Fashion retailer N Brown has revealed a return to profit in its first half as an online push starts to pay off.
The group behind brands Simply Be, Jacamo and JD Williams saw shares leap 8% higher as it posted pre-tax profits of £18.8 million for the six months to August 31, against losses of £27.1 million a year ago.
Revenues dropped 5.4% to £432.9 million, but the group saw combined online sales grow 5% across womenswear and menswear.
It said online now accounts for 84% of its business, up from 80% in the previous financial year.
Chief executive Steve Johnson said: “We announced our new strategy in May to return N Brown to sustainable profit growth and we have made good progress over the first half of the year.
“The retail environment remains heavily promotional, but we are concentrating on continuing to improve our customer proposition and ensuring we operate as efficiently as possible.”
On an underlying basis, pre-tax profits lifted 4% to £31.8 million.

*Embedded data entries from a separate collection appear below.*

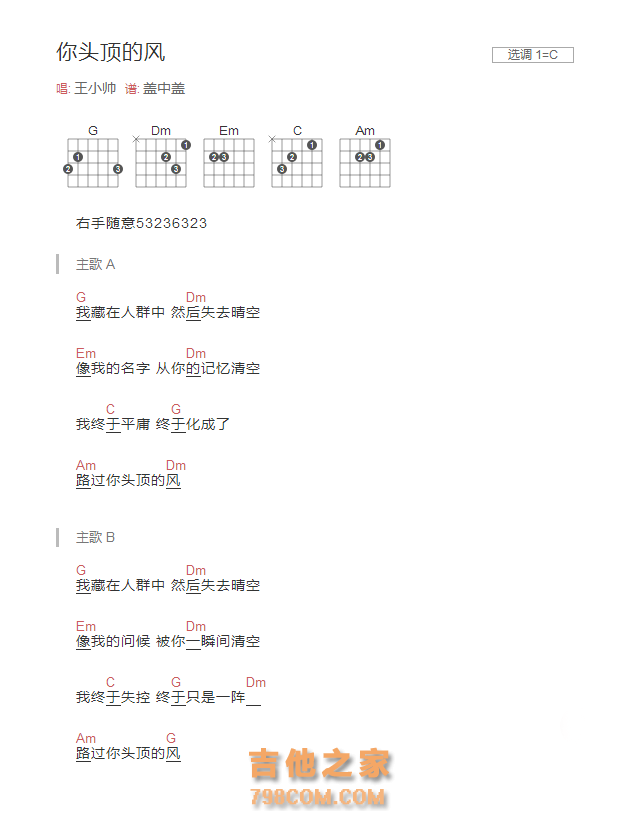你头顶的风吉他谱C调和弦版 王小帅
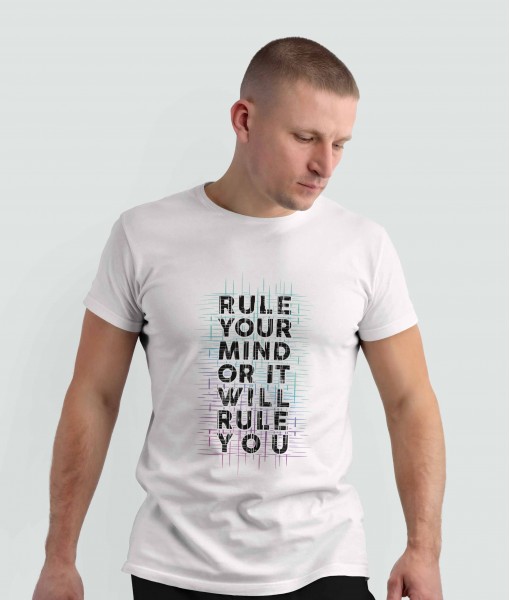 Мъжка тениска с щампа Текст и надписи Rule your mind - TShirtArtShop.com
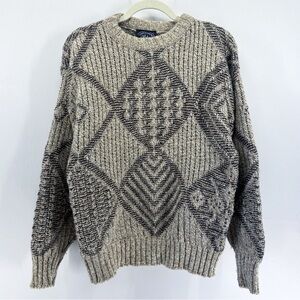 Vintage Wool Boat House Row Geometric Knit Sweater Men's Medium Made in USA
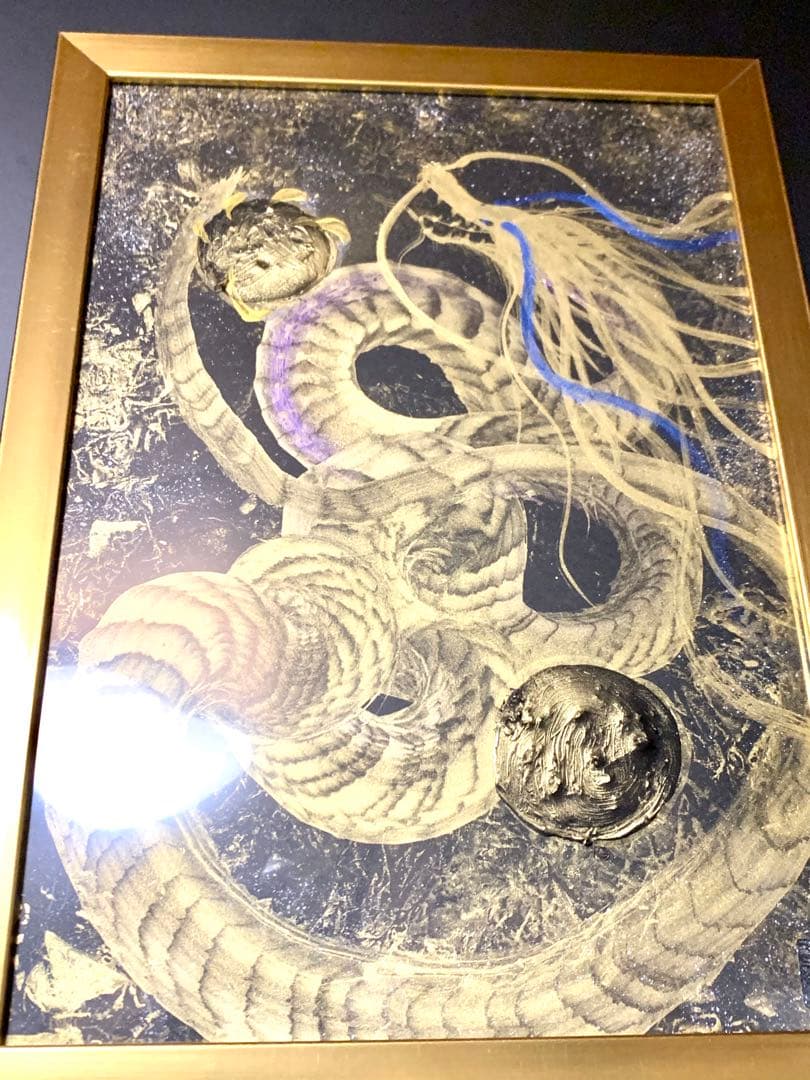 【金龍】　龍神エネルギーアート✨縁起物　一筆龍　絵画　置物　龍　隕石　開運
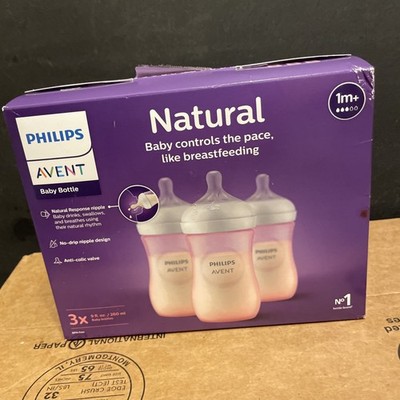 NEW! Avent Philips 3pk NATURAL Baby Bottle 9 oz (1m+) & FREE SHIP!
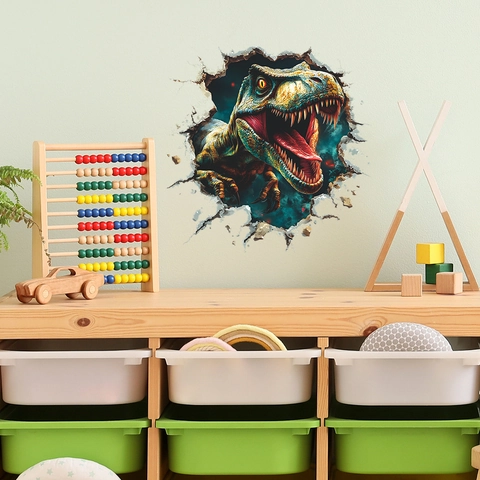 Sticker Mural 3D Dinosaure Sortant du Mur PVC T-Rex Décalcomanie Auto-Adhésive pour Chambre d'Enfant Salon Décoration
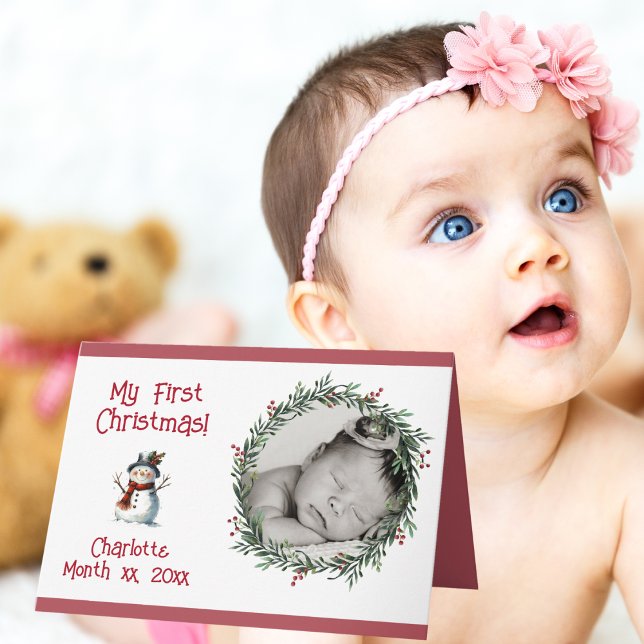 Premier Carte photo de Noël du bébé avec nom (Créateur téléchargé)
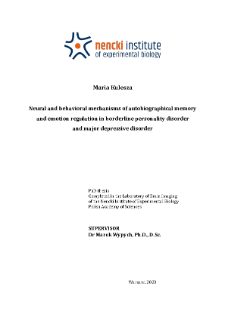 Neural and behavioral mechanisms of autobiographical memory and emotion regulation in borderline personality disorder and major depressive disorder : PhD thesis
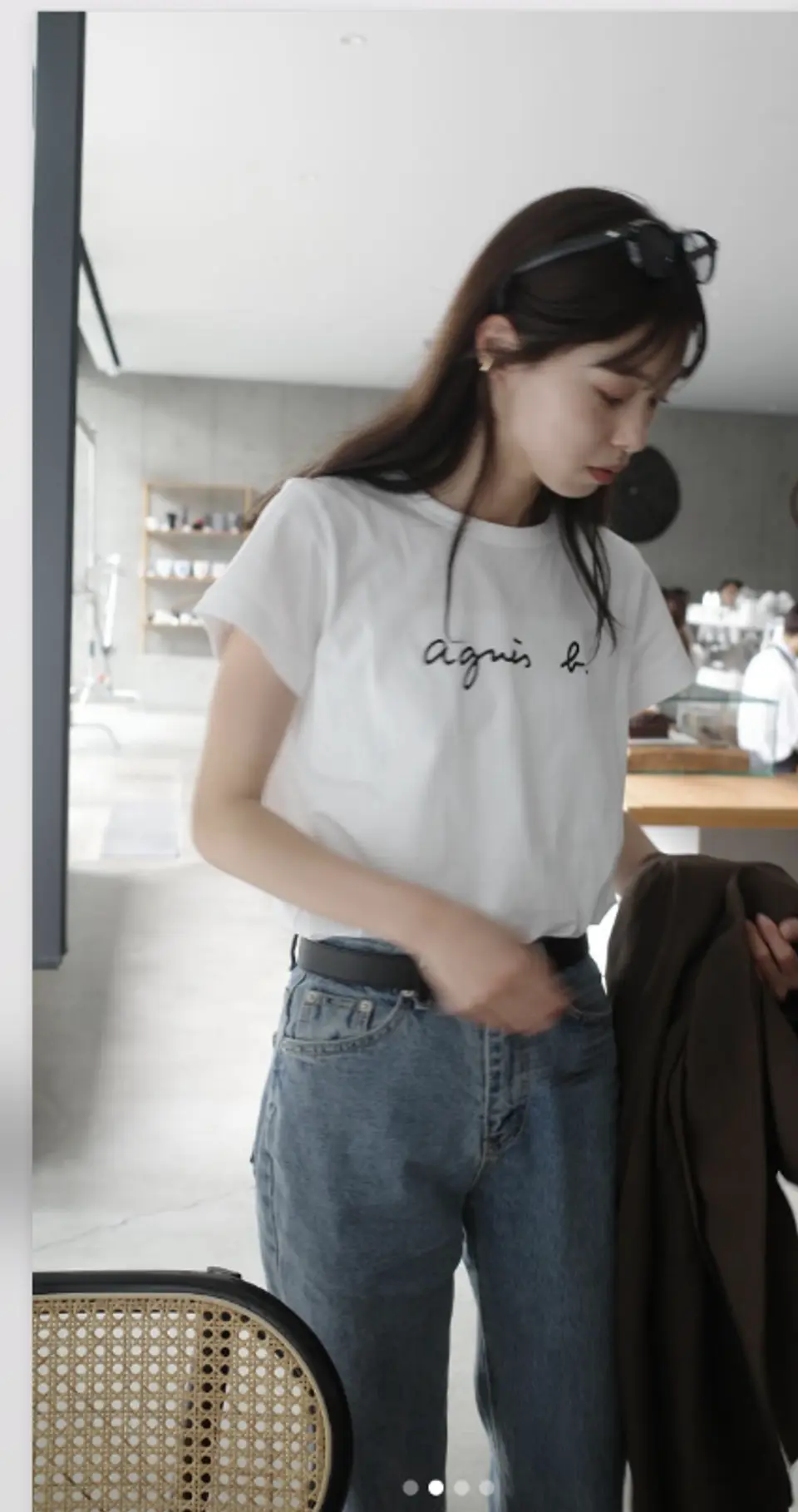 Logo tee and denim, a two-piece look (Instagram)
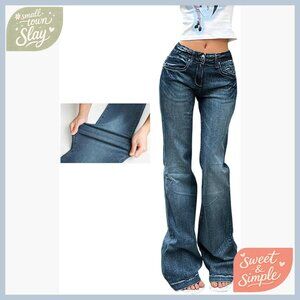 Mid-High Waisted Flare Jeans Stretch Bootcut Wide Leg Denim Pants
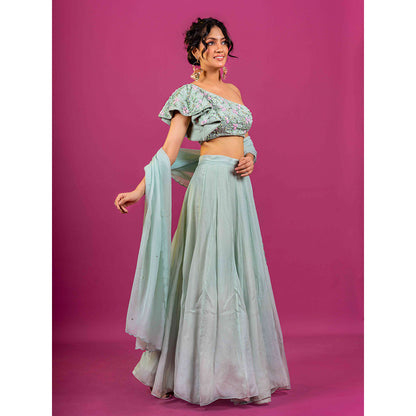 Harleen Kaur Sky Blue Hand Embroidered Lehenga with Blouse and Dupatta (Set of 3)
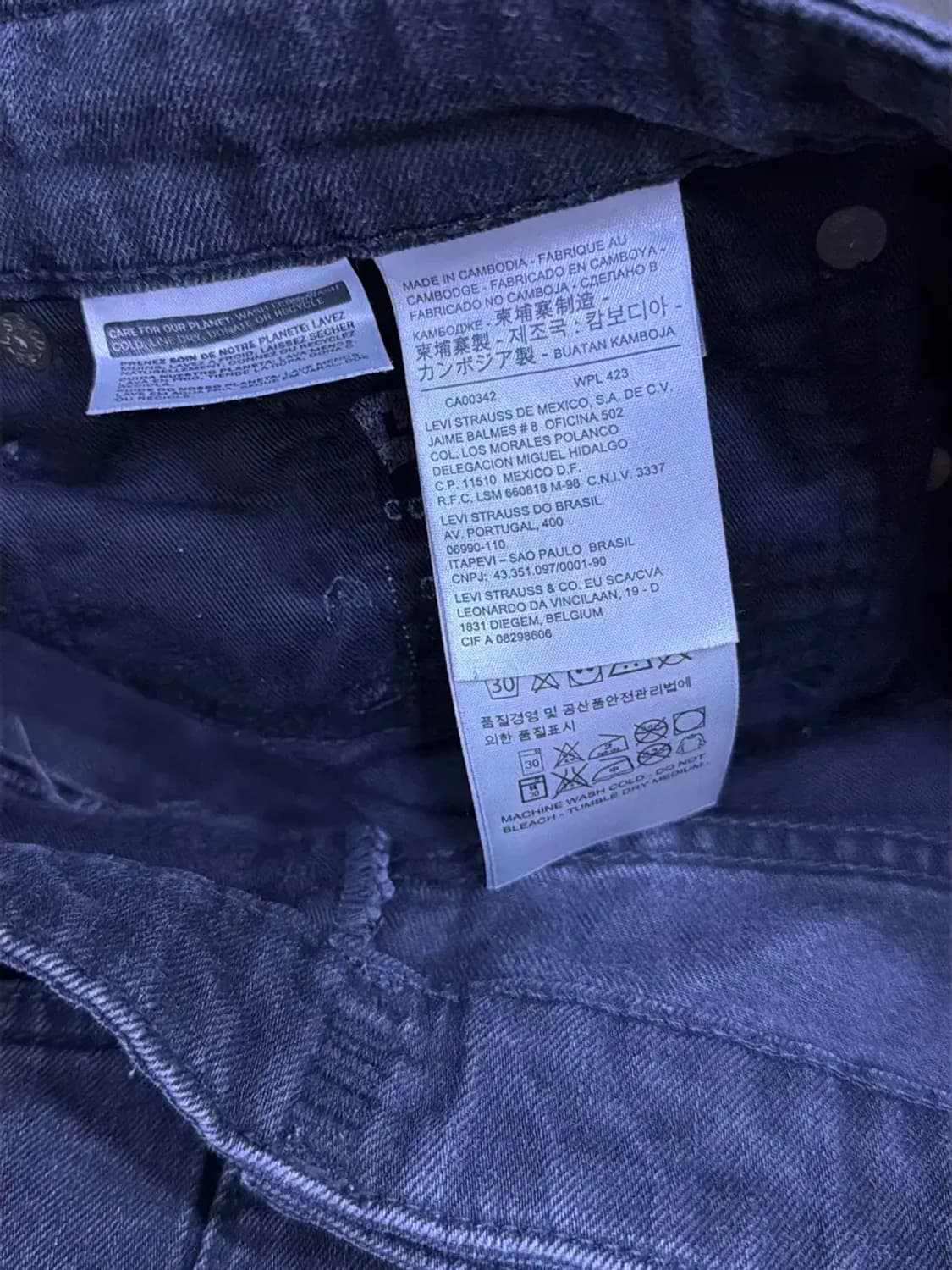 리바이스 541 에슐레틱 테이퍼드핏 블랙 워싱 데님팬츠 33 상품이미지8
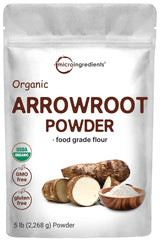 Micro Ingredients Organic Arrowroot Powder 5lb bulk pack for versatile thickening.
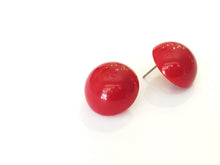 Load image into Gallery viewer, Cherry Red Retro Button Studs Lucite Earrings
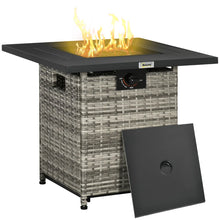 Outdoor PE Rattan Gas Fire Pit Table with Rain Cover and Lava Stone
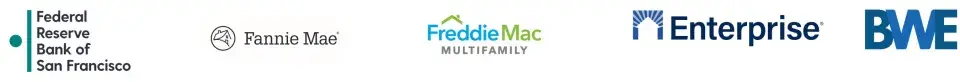 Federal Reserve Bank of San Francisco, Fannie Mae, Freddie Mac Multifamily, Enterprise, BWE logos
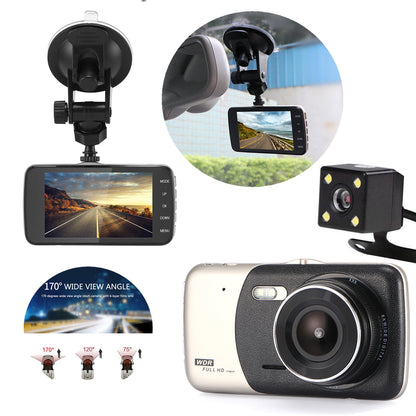 4" Dual Lens 1080P FHD 1.0MP Dash Camera Car DVR - Toddcraft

The figures come after N Brown revealed last month that it was setting aside more to cover the cost of payment protection insurance (PPI) mis-selling compensation after seeing related inquiries surge tenfold in the run-up to the claims deadline.
It confirmed in its half-year figures that it is putting by an extra £25 million – having already paid out £108 million for PPI so far.
N Brown, which is based in Manchester, has been shifting to online sales, last year axing 20 shops while also retrenching overseas to focus on the UK.
Revenues are still being weighed down by the store closure programme and overseas exit, but the group is putting faith in the rise of online sales to begin offsetting this.
It saw financial services revenue growth slow to 2.9% in the half year after it took the decision in the second quarter to limit credit increases and tighten affordability checks.
Caroline Gulliver, retail analyst at Jefferies, said: “The sales drag should continue, but there are some encouraging signs to watch.”
The figures mark a turnaround after a tough 2018 for N Brown, which lost a long-running dispute with the taxman and saw the abrupt departure of former chief executive Angela Spindler.
The VAT ruling in November will mean marketing costs are now likely to be between £6 million and £9 million higher from 2020 due to irrecoverable tax.